(Provided records)
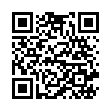 QR kód na túto stránku svatoborice-mistrin.oma.sk u na-hranickach 21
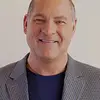 John Haremza - @johnharemzafx - TikTok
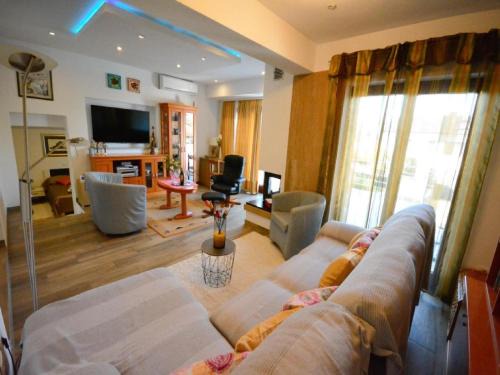 Holiday Home "JADRANKA"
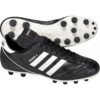 Kopačky Adidas Kaiser 5 Liga FG - 033201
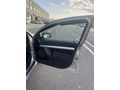 Sahibinden Opel Vectra 1.6 Comfort 2004 Model 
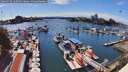 ./images/victoria/wharf/20260728/wharf20260728_160501M.jpg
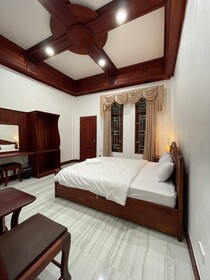 PhaiLin Hotel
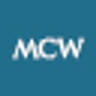 MCW Lawyers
(End Provided records)
## About this exercise
Print the listing verbatim, images excluded.

## Answer area
 QR kód na túto stránku svatoborice-mistrin.oma.sk u na-hranickach 21
 John Haremza - @johnharemzafx - TikTok
 Holiday Home "JADRANKA"
 Kopačky Adidas Kaiser 5 Liga FG - 033201
 Sahibinden Opel Vectra 1.6 Comfort 2004 Model 
 ./images/victoria/wharf/20260728/wharf20260728_160501M.jpg
 PhaiLin Hotel
 MCW Lawyers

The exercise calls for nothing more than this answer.